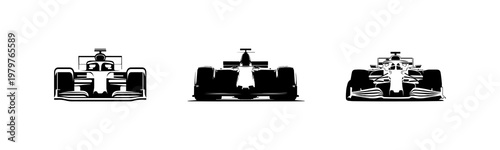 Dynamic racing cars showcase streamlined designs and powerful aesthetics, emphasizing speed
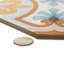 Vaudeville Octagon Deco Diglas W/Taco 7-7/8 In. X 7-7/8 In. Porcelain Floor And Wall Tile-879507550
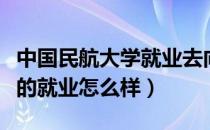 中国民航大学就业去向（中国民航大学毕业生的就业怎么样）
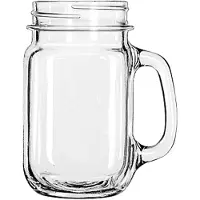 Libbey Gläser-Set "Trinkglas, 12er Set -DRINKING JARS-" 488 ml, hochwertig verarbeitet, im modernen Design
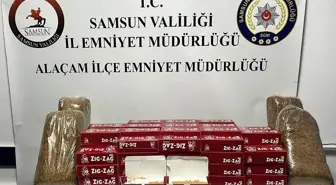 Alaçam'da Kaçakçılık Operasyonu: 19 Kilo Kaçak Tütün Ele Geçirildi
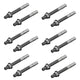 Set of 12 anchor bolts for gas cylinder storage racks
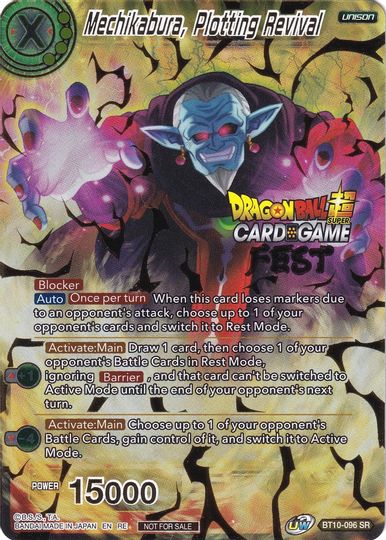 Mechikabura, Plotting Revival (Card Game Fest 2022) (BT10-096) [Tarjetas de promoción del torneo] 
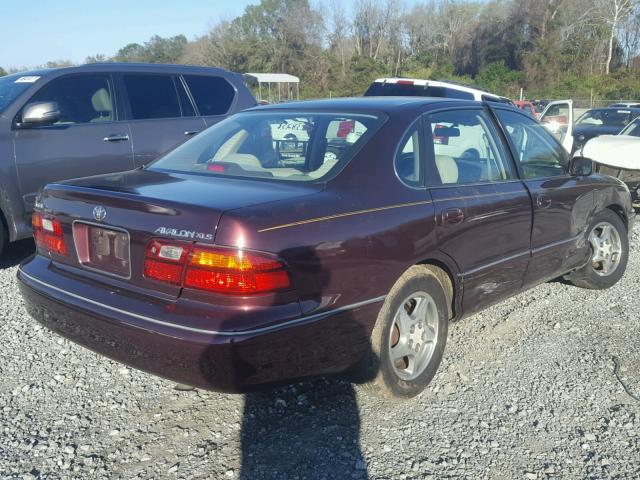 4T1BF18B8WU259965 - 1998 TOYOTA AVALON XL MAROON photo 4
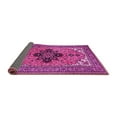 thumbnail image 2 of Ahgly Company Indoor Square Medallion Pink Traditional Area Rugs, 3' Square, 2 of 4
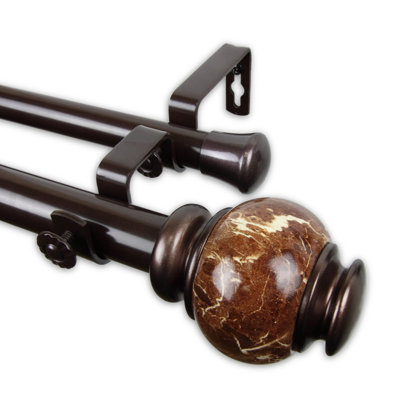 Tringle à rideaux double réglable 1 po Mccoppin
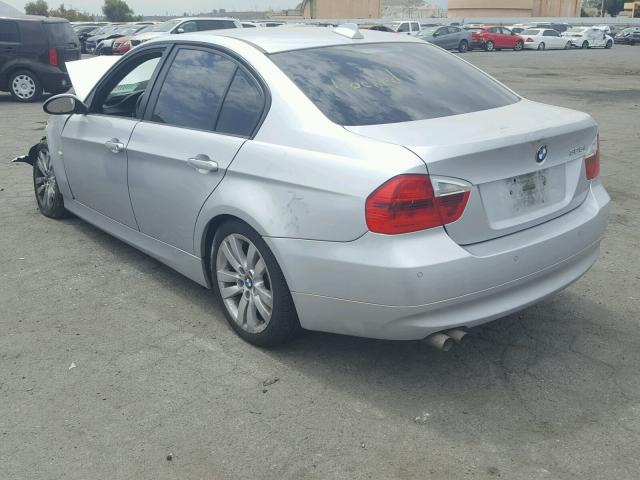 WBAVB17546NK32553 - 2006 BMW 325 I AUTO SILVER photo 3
########################################
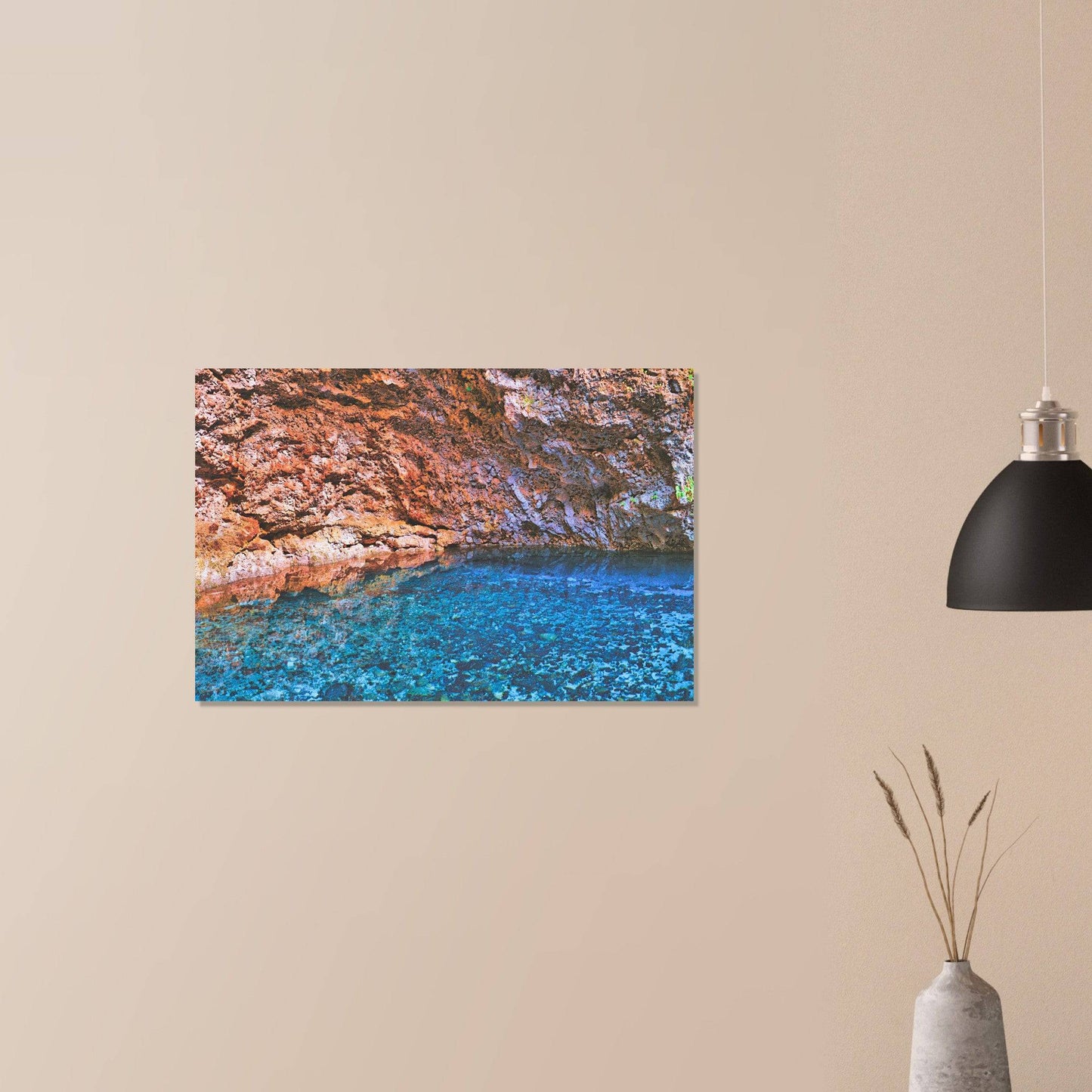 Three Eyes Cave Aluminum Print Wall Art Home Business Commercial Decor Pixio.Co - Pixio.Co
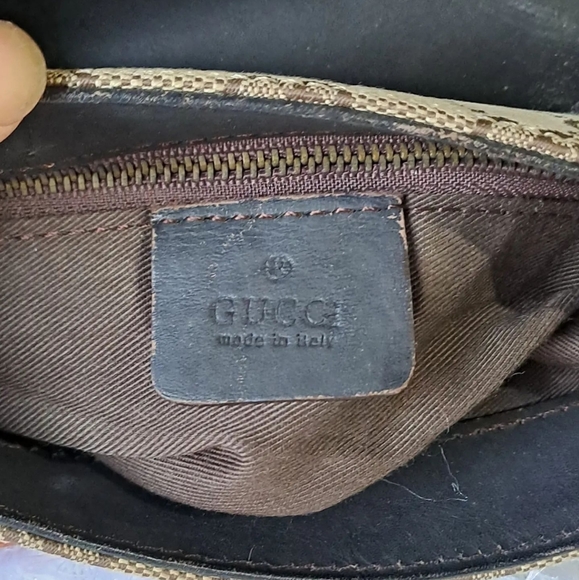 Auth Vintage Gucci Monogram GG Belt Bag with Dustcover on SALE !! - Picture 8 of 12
########################################
REQUIRED ACTION |
Of the records above, print only the lines from the one containing "Mechikabura, Plotting Revival" through the one containing "WBAVB17546NK32553 - 2006", inclusive and unaltered, leaving out pictures.

SOLUTION TO THIS PROBLEM |
 Mechikabura, Plotting Revival (Card Game Fest 2022) (BT10-096) [Tarjetas de promoción del torneo] 
 4T1BF18B8WU259965 - 1998 TOYOTA AVALON XL MAROON photo 4
 thumbnail image 2 of Ahgly Company Indoor Square Medallion Pink Traditional Area Rugs, 3' Square, 2 of 4
 Tringle à rideaux double réglable 1 po Mccoppin
 WBAVB17546NK32553 - 2006 BMW 325 I AUTO SILVER photo 3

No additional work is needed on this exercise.